EarlyCDT Lung for assessing risk of lung cancer in solid lung nodules

1.1 There is not enough evidence to recommend routine use of EarlyCDT Lung for assessing the risk of lung cancer in solid lung nodules.

1.2 Further research is recommended (see section 4) on:

Why the committee made these recommendations

EarlyCDT Lung is used to assess the risk of lung cancer in solid lung nodules. Accurate risk assessment can prevent delayed treatment of malignant nodules or unnecessary biopsies of benign nodules. But, the evidence of how well EarlyCDT Lung works is limited and uncertain.

The company intends for EarlyCDT Lung results to be used to update a person's existing lung cancer risk assessment. But, most studies used EarlyCDT Lung results to classify nodules as benign or malignant. Therefore, most of the existing data does not represent the intended use of the test in updating estimates of lung cancer risk and further validation is needed.

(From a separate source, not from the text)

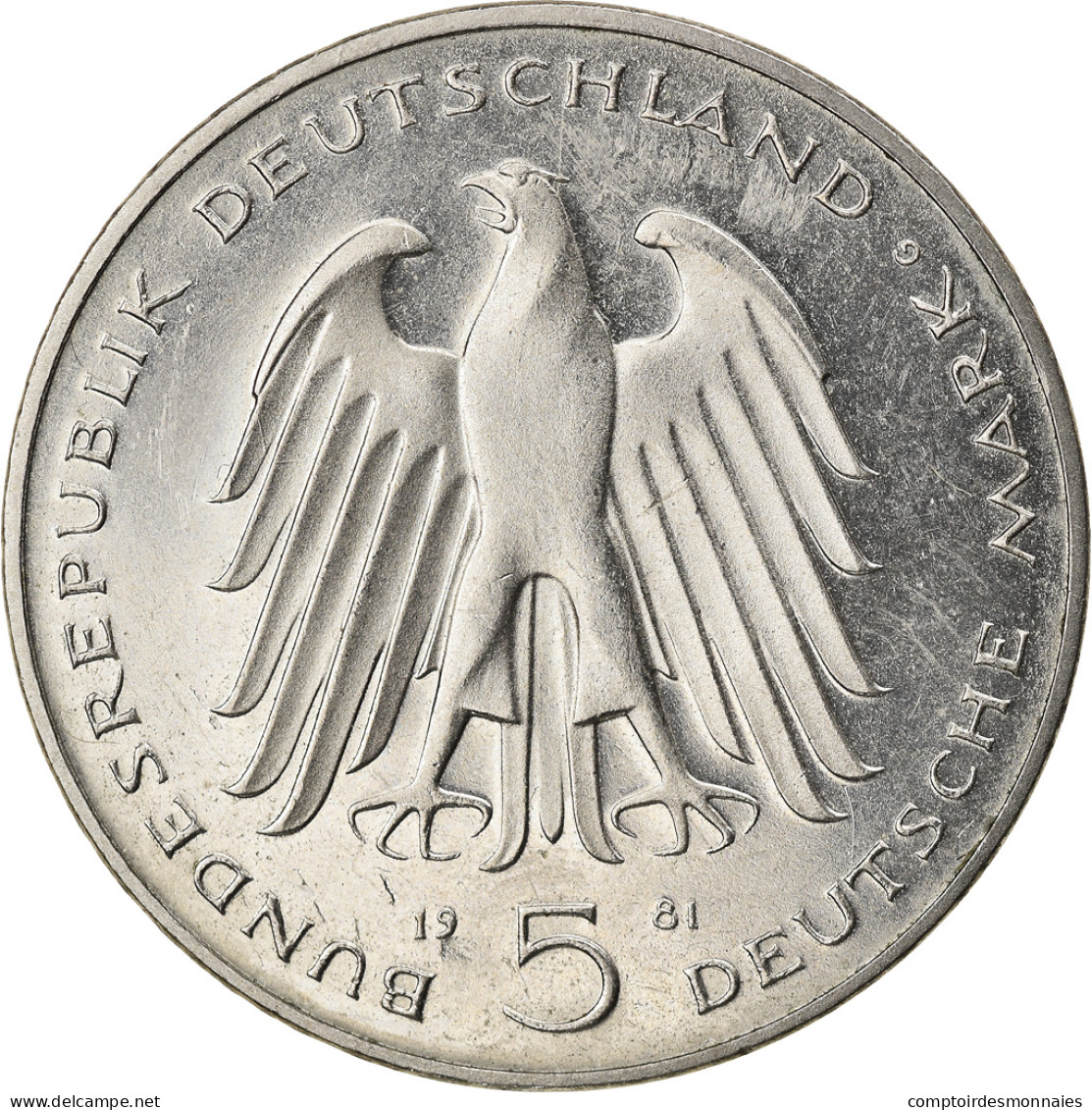 Monnaie, République Fédérale Allemande, 5 Mark, 1981, Karlsruhe, Germany, BE - 5 Mark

It is also unclear how EarlyCDT Lung will affect lung nodule management in the NHS. This is because there were no studies to show how EarlyCDT Lung affects clinical decision making for people with lung nodules and there is significant variation in management of intermediate-risk nodules in the NHS.

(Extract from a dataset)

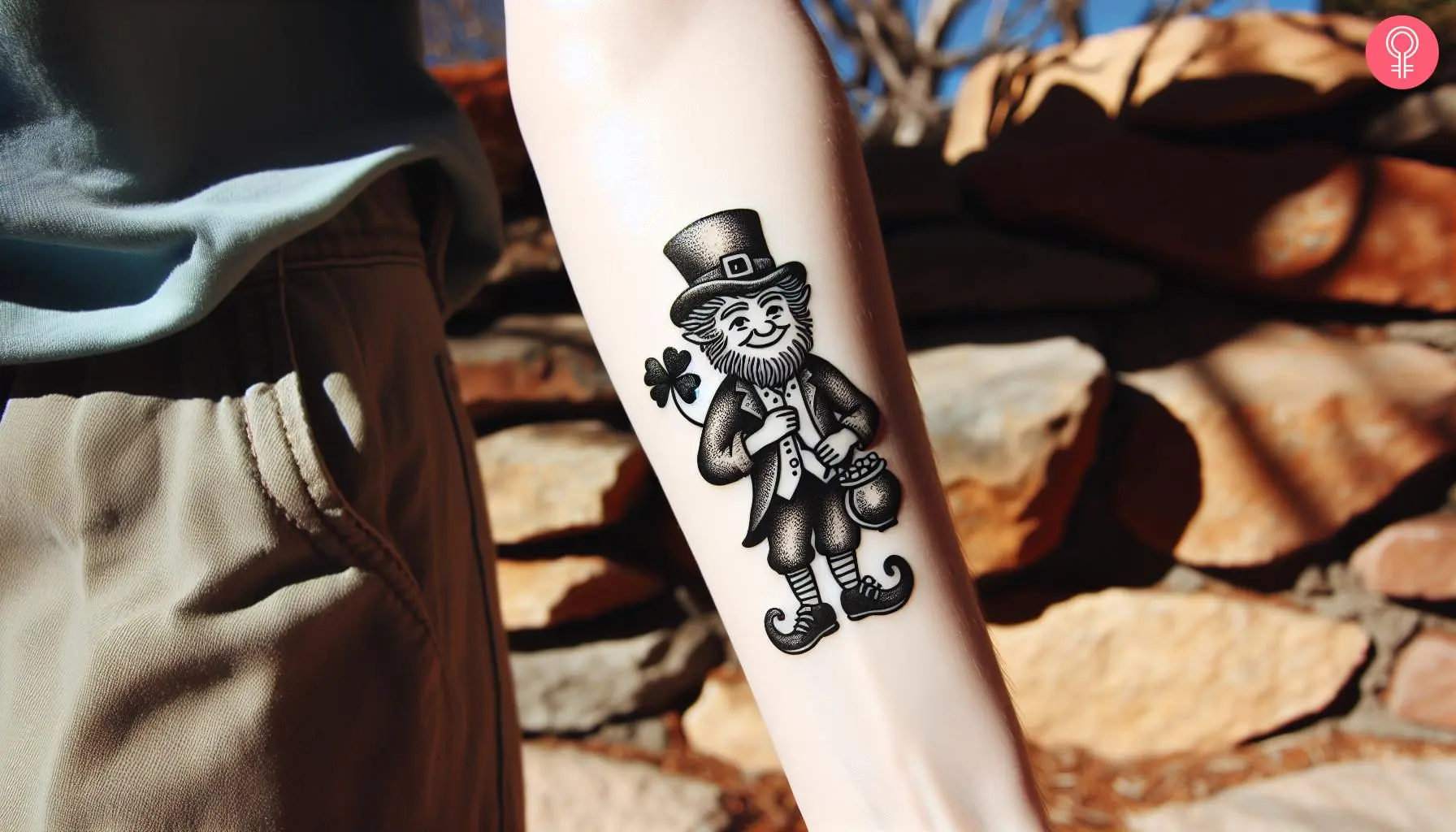 Blackwork Leprechaun Tattoo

It is also difficult to assess the impact of EarlyCDT Lung on long-term patient outcomes. This is because there is limited data on the factors that might affect disease progression, how lung nodules change during CT surveillance and the likelihood and impact of unnecessary biopsy or surgical removal.

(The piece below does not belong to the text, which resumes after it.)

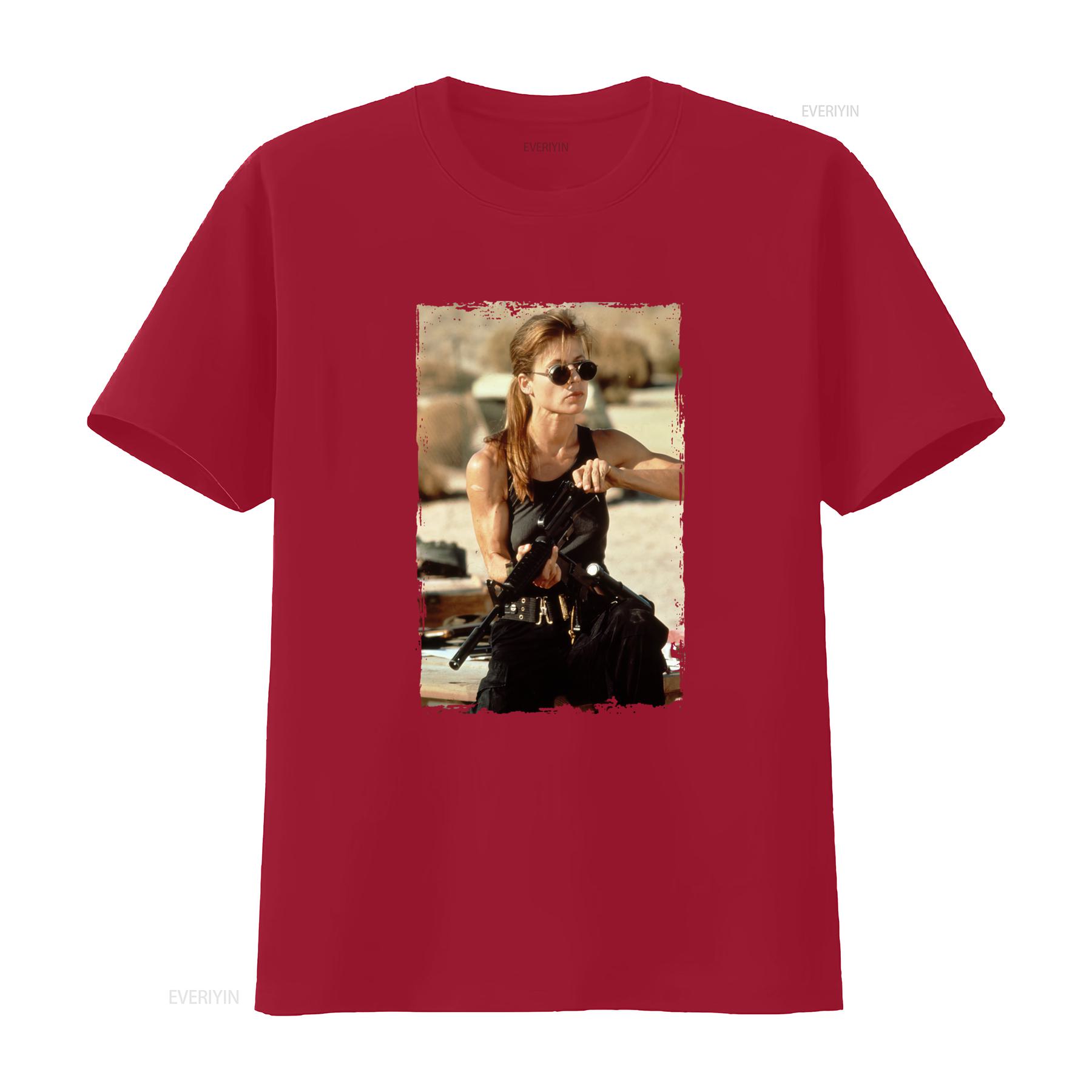 Sarah Connor Terminator 2 T Shirt Action Movie Inspired Retro Style Perfect for Fans vintage Washed Comfortable S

Because of the limited clinical evidence, the cost effectiveness of EarlyCDT Lung was not assessed and so it has not been recommended. Further research is needed on both the EarlyCDT Lung test and on the impact of current lung nodule management. Without more data on current management, it will be difficult to quantify the impact of EarlyCDT Lung and other new tests for assessing lung nodules.